If we merely hear God’s word but never presume to act on it, all that will happen is that our hearts will harden (Psalm 95:7ff.). Knowing and walking with God requires trust and a willingness to act within the terms of God’s covenant. Those terms are trust and obedience. We are called to say yes to God’s resources – his grace and power, his constant presence, his Word, and the Holy Spirit’s work through it – and appropriate them to the exact point of our conscious need.

That is the source of strength and courage. “Be strong in the Lord and in the strength of his might” (Ephesians 6:10). “Be strengthened by the grace that is in Christ Jesus” (2 Timothy 2:1). “I can do all things through him who strengthens me” (Philippians 4:13). Faith responds to promise by action through Christ. He is the dynamic, the energy, and he will take me where he wants me to be.

Trust does not fear and give up. Trust does not underestimate the enemy and relax. Trust watches and prays for the Lord’s help, the Lord’s courage, the Lord’s strength to help in our time of need. Theologically accurate intellectualism does not always translate into active obedience, which is costly and completely dependent upon God.

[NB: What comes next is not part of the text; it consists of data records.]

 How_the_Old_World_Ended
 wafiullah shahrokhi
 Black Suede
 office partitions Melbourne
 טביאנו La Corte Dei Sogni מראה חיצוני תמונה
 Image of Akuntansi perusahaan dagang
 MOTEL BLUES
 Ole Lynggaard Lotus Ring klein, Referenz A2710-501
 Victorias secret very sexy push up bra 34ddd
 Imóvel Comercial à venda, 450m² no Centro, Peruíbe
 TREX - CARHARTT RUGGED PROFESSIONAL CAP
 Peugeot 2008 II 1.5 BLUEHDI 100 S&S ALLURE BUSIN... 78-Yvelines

JOSHUA COMMISSIONS ISRAEL (10-18)

The first sign of Joshua’s response to his Commission is that he relays God’s Word to the people through their tribal leaders in verses 10 and 11. His instructions are very practical and include everyone in Israel. They are to prepare food for their travel. We find out in chapter 3 that the Jordan river “overflows all its banks throughout the time of harvest” (3:15). So we have some hint of the logistical difficulties involved in God’s command.

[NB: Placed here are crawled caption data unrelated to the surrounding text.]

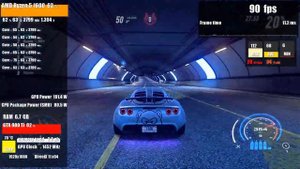 Первый Zen | Ryzen 5 1600 в 2020 - обзор, тесты в играх и поиски таинственных лагов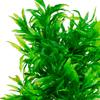 Artificial Plant Tall Leafy Ornament Aquarium Decoration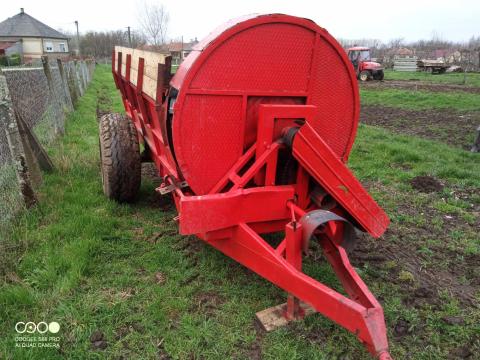Turbinás trágyaszóró eladó Turbinás trágyaszóró eladó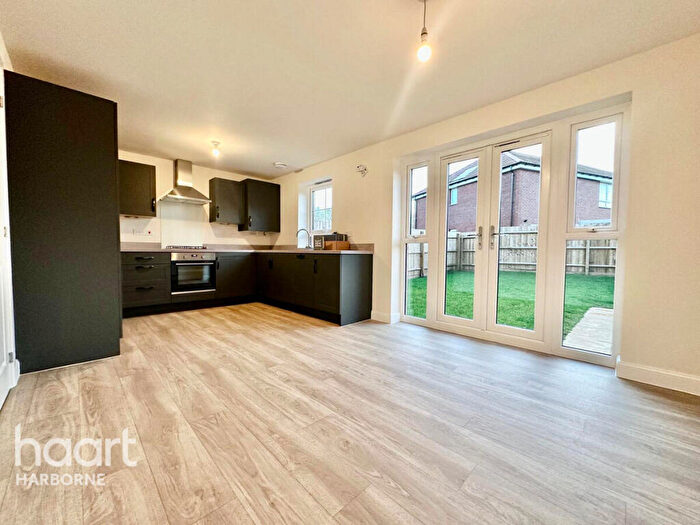 3 Bedroom Detached House To Rent In Spring Rd, Sparkhill, B11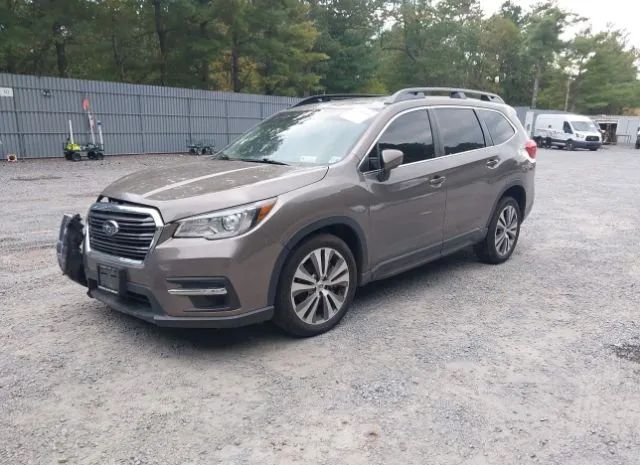 Photo 1 VIN: 4S4WMAHDXM3457510 - SUBARU ASCENT 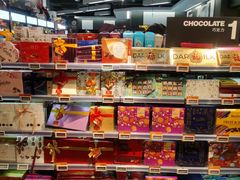 -Olé精品超市(北京合生汇店)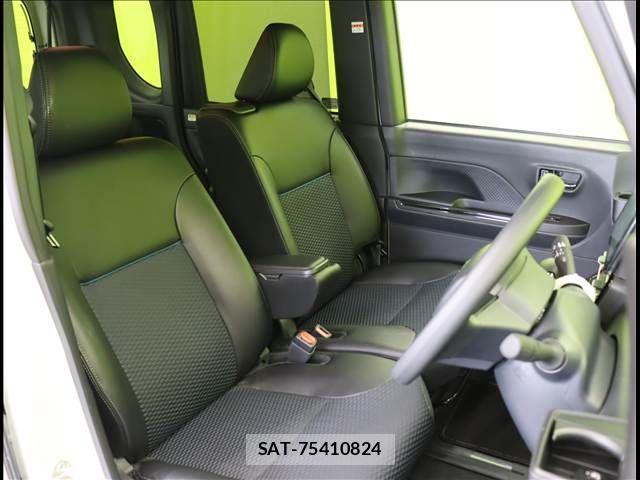 Daihatsu TANTO CUSTOM 2025-11 7458338-18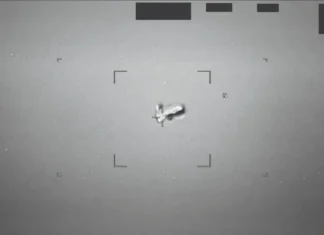 Il Pentagono pubblica immagini e documenti inediti degli Ufo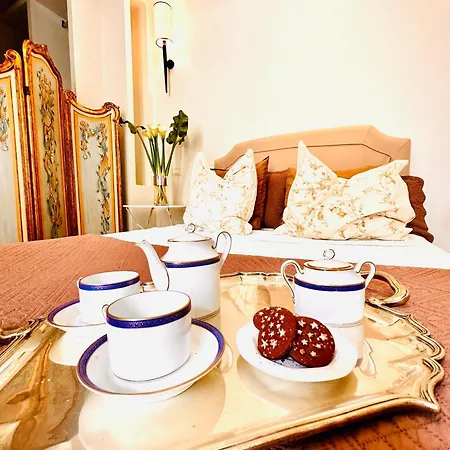 Apartament Loft Largo Argentina *
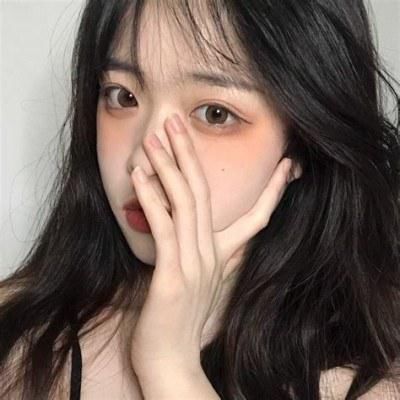 标志|女孩脸上有这“3标志”,是标准的“仙女脸”,全中坐等当校花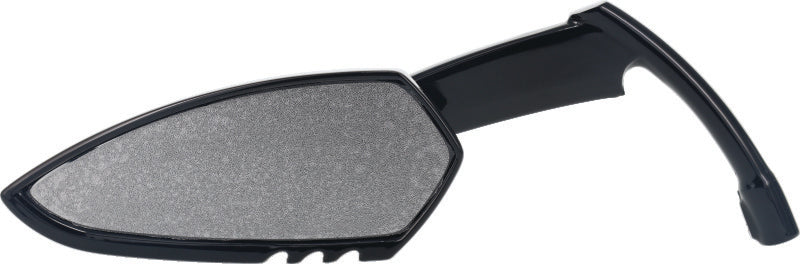 Kuryakyn Scythe Mirrors Blk 1760 1760 User 1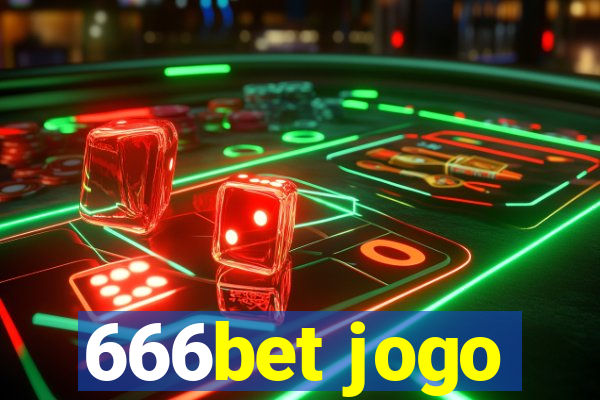 666bet jogo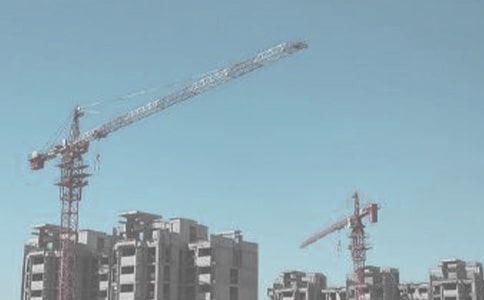 建筑工程大学生实习总结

The final portion of chapter one covers Joshua’s special instructions to the 2 1/2 tribes who will settle east of the river in the lands taken from the Moabites (Numbers 21:21-35). Moses gave them this good grazing country provided they agreed to join forces with the other tribes to invade Canaan. God has indeed paved the way for Joshua, because the two tribes agree not only to crossover and fight but to place themselves under Joshua’s leadership.

Not only do the 2 1/2 tribes affirm their loyalty to Joshua, they also agree that whoever rebels against his commands will be put to death (1:18). The people are with him. Plans are in place to cross the river, and soon they will be at Jericho, the fortress city that guards the entry into the land of promise. All this is orchestrated by God himself. He is the central character of this chapter, as he is of the whole book.

The overall theme that strikes us in this chapter is the divine urgency about the situation. This day of crossing has been a long time coming, but when it dawns, there’s simply no room for delay. The problem of our sin nature is that we often fail to act as we know we should because we do not believe sufficiently to launch ourselves upon the bare Word of our God who promises his all-sufficient power and grace.

When God applies his word to our lives for something he is calling us to do, we must begin to do it in the strength that he supplies as soon as we are able. All I need to do for my heart to harden after God has spoken his Word is …nothing. This is why Israel never received the entirety of her promised land. They settled into a comfortable life. They settled for what they had. They settled for unbelief. St Author of Hebrews warns:

For if Joshua had given them rest, God would not have spoken of another day later on. So then, there remains a Sabbath rest for the people of God, 10 for whoever has entered God’s rest has also rested from his works as God did from his.

11 Let us therefore strive to enter that rest, so that no one may fall by the same sort of disobedience. 12 For the word of God is living and active, sharper than any two-edged sword, piercing to the division of soul and of spirit, of joints and of marrow, and discerning the thoughts and intentions of the heart. 13 And no creature is hidden from his sight, but all are naked and exposed to the eyes of him to whom we must give account. [2]

 

 

 

 

[1] The Holy Bible: English Standard Version (Wheaton, IL: Crossway Bibles, 2016), Jos 1:3–18.

[2] The Holy Bible: English Standard Version (Wheaton, IL: Crossway Bibles, 2016), Heb 4:8–13.